Calculate the Bid Ask to identify the Spread and Margin between the quoted sale price and quoted purchase price of stock and currency.

## Bid-Ask: A factor that affects the cost of stock investments

Stock investments can be very profitable when trading is done right. Various costs are involved in stock trading, such as brokerage commissions, and intra day fee. One of them is bid-ask. A bid ask spread is the difference amount between the highest price a buyer is willing to pay and the lowest price a seller is willing to accept.

The term bid ask spread, is essential for stock investors as it affects the price of sale and purchase of stocks that affects the entire stock profitability of a portfolio. A transaction occurs when a seller takes a bid price or a seller accepts the ask price.

### Factors that affect the bid-ask ratio the most

Understanding of the concept of supply and demand is essential for all investors. This is the most important factor and has a direct impact on bid-ask ratio. Supply refers to the volume of the stock that is available for sale in the stock market, whereas demand defines the willingness of a seller to buy that stock on sale.

Put simply, a security will trend upward when there are more buyers than sellers as the bidding goes higher due to increased demand.
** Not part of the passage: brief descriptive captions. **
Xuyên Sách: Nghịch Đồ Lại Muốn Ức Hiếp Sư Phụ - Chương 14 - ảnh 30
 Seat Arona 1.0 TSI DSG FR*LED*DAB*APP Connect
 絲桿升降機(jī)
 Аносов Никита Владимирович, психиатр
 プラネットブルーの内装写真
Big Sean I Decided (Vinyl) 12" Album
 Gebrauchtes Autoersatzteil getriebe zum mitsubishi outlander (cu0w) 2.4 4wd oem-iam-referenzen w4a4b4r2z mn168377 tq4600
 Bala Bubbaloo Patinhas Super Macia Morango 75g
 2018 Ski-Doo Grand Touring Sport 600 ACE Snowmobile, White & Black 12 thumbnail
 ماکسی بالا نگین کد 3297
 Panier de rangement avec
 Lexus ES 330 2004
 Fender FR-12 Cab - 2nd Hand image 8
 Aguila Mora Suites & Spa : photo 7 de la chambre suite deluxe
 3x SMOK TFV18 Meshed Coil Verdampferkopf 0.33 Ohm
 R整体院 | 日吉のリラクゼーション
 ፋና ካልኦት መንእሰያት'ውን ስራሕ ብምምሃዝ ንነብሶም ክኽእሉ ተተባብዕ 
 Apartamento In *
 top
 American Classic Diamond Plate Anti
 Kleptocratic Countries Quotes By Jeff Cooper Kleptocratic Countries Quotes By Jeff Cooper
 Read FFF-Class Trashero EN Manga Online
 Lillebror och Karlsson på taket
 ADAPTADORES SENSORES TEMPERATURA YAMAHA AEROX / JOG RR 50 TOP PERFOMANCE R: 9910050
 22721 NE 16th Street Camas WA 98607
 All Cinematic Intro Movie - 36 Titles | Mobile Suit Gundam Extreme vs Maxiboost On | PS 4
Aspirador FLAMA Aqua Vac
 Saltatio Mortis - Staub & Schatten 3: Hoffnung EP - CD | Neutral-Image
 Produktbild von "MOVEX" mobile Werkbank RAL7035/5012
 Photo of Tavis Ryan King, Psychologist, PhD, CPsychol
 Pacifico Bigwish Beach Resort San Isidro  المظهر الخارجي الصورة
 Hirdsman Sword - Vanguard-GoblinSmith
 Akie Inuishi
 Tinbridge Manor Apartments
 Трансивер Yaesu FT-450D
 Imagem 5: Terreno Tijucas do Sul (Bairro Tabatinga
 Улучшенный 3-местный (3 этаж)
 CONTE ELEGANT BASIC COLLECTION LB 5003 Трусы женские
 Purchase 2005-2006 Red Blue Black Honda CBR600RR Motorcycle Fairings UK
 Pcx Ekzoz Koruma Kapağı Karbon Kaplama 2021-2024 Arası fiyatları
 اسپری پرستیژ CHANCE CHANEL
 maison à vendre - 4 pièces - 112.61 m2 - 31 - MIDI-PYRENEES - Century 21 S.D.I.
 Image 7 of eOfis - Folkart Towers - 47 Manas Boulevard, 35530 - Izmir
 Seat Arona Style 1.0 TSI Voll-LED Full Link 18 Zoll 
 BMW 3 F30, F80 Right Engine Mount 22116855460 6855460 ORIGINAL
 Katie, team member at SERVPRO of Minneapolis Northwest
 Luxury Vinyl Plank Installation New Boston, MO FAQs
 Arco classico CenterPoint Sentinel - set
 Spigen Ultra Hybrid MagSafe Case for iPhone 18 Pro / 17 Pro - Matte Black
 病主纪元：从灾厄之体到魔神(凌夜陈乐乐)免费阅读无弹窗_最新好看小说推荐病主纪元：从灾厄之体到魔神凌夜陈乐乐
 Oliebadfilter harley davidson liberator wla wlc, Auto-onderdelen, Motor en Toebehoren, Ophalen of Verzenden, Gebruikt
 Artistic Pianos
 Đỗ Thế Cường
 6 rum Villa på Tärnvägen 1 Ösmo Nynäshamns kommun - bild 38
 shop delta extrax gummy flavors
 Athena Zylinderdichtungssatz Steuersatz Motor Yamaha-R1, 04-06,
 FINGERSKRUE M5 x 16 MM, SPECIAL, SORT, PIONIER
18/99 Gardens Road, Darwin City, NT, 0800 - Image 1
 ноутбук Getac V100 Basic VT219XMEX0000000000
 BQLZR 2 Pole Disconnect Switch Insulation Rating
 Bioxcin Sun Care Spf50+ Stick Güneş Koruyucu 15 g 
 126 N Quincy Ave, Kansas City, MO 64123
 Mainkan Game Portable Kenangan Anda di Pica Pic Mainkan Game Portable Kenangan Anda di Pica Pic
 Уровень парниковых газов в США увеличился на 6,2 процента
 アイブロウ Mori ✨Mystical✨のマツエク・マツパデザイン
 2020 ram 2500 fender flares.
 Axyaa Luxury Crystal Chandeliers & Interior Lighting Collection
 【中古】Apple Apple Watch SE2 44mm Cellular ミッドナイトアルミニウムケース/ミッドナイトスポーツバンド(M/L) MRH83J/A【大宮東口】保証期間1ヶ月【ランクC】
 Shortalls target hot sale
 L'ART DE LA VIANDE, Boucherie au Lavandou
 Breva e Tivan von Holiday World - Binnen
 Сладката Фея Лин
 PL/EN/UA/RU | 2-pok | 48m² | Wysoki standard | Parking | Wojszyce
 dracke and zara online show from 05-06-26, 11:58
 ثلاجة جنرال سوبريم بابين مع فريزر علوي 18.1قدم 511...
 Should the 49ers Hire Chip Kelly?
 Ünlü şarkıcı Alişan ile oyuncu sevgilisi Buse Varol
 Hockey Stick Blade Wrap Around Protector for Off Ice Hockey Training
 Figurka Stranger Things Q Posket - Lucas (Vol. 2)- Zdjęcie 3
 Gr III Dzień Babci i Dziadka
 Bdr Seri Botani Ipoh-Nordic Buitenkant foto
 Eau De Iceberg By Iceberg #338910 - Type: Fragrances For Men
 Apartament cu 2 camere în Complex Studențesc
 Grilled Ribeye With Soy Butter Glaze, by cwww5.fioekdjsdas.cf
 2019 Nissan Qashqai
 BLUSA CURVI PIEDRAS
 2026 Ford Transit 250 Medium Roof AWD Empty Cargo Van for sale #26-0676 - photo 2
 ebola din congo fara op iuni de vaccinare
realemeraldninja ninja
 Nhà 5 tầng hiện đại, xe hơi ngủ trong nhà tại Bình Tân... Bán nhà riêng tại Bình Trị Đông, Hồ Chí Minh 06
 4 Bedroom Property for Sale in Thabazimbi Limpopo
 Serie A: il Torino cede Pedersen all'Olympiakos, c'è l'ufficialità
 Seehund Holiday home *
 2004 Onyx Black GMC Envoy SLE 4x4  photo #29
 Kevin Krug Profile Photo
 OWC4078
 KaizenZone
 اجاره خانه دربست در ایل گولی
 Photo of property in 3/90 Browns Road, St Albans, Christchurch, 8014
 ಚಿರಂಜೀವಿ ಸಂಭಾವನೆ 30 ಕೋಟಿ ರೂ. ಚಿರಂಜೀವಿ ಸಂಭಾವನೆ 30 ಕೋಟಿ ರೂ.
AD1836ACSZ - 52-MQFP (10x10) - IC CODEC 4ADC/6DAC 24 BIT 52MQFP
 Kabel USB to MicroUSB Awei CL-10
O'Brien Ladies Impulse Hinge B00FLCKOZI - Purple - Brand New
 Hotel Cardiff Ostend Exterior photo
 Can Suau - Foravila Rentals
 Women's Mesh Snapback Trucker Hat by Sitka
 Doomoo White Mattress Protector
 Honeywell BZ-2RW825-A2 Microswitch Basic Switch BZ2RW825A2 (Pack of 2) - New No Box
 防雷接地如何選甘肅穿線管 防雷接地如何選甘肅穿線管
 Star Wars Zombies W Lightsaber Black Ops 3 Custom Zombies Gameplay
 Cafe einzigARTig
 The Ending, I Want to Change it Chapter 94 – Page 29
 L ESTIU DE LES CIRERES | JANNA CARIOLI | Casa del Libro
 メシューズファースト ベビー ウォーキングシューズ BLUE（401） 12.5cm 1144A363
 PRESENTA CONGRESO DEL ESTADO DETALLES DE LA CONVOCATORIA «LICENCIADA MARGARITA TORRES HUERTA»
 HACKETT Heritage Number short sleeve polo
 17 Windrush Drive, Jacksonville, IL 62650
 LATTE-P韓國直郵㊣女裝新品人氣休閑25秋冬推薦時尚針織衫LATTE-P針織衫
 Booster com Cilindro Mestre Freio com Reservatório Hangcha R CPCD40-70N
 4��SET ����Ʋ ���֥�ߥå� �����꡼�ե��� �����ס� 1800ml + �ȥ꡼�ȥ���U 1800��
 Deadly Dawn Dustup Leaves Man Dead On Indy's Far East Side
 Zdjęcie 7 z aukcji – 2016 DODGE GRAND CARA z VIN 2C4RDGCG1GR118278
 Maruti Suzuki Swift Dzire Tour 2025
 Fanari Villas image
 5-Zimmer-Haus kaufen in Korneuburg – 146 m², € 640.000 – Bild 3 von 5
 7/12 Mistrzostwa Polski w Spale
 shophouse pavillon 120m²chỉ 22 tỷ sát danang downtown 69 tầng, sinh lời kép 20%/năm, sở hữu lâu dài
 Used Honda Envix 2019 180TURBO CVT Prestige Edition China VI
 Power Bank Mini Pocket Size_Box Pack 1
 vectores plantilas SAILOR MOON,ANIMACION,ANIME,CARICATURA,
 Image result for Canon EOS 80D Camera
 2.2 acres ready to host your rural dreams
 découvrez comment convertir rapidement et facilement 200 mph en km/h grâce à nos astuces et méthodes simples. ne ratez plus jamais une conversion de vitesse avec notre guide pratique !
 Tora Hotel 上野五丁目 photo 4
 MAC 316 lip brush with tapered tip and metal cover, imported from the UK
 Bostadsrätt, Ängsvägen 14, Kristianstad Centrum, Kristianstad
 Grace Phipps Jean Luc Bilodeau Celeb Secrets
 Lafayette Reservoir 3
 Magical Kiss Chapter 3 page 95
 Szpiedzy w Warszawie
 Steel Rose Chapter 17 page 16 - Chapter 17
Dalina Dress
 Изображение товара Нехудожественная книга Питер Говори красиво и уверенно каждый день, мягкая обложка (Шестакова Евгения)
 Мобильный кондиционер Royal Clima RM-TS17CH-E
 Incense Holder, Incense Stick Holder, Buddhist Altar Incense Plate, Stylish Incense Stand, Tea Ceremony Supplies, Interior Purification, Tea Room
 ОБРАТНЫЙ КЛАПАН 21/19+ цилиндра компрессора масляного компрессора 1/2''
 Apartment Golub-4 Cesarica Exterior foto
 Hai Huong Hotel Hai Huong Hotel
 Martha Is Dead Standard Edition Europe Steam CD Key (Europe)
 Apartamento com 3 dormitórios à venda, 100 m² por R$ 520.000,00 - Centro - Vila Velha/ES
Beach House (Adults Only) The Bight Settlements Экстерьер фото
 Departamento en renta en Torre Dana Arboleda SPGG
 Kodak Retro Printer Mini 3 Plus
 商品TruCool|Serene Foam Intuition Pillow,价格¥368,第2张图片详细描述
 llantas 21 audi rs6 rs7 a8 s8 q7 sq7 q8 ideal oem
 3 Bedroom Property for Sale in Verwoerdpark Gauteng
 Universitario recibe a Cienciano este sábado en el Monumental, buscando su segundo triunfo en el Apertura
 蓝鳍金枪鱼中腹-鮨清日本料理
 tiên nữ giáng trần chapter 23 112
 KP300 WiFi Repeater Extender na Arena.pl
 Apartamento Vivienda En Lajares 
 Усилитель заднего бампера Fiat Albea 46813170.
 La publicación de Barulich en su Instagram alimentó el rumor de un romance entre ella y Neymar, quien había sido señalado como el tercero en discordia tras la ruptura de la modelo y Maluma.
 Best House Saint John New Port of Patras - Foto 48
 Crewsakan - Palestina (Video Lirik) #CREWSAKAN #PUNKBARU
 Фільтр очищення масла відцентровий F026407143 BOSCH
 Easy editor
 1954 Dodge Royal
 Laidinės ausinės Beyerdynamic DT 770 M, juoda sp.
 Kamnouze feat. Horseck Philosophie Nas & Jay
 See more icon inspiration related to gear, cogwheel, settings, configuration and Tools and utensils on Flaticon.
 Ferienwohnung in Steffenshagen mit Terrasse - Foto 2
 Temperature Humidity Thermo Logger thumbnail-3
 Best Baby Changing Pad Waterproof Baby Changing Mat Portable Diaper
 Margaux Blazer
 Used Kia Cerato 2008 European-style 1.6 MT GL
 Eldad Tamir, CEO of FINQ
On the other hand, a security will trend lower when there are more sellers than buyers as the supply of that particular security will be higher than its demand, thus forcing sellers to lower the price asked by them.

### Type of orders

When a firm is hit by an order after placing a bid, it becomes obliged to honor the order. An investor can place several types of orders to purchase or sell the stocks:

• Limit order: A limit order is placed for the sale or purchase of a stock at a given price or better. A limit order means that the order will be filled at the same or better than a specific price level.
• Market order: A market order is placed to be filled at the market price. In other words, it is a request made by an investor to buy or sell a stock at the best available market price.
• Day order: A day order has to be filled within the same day or it gets cancelled.
• Stop order: A stop order comes into effect when a stock passes a certain level. This is called a stop loss order if it is placed to stop the loss by selling the stock when it goes below a certain level in order to stop the loss.
• Fill or kill: This type or order must be filled entirely and immediately or it gets cancelled entirely.

To calculate the spread and margin of bid-ask you can't rely on your pen paper solely; a calculator is the best way to know the margin and spread ratio. You must have just two values in hand:

• Bid Price: It's the bid value of the stock in question.
• Ask Price: It's the ask price by the seller for the same security.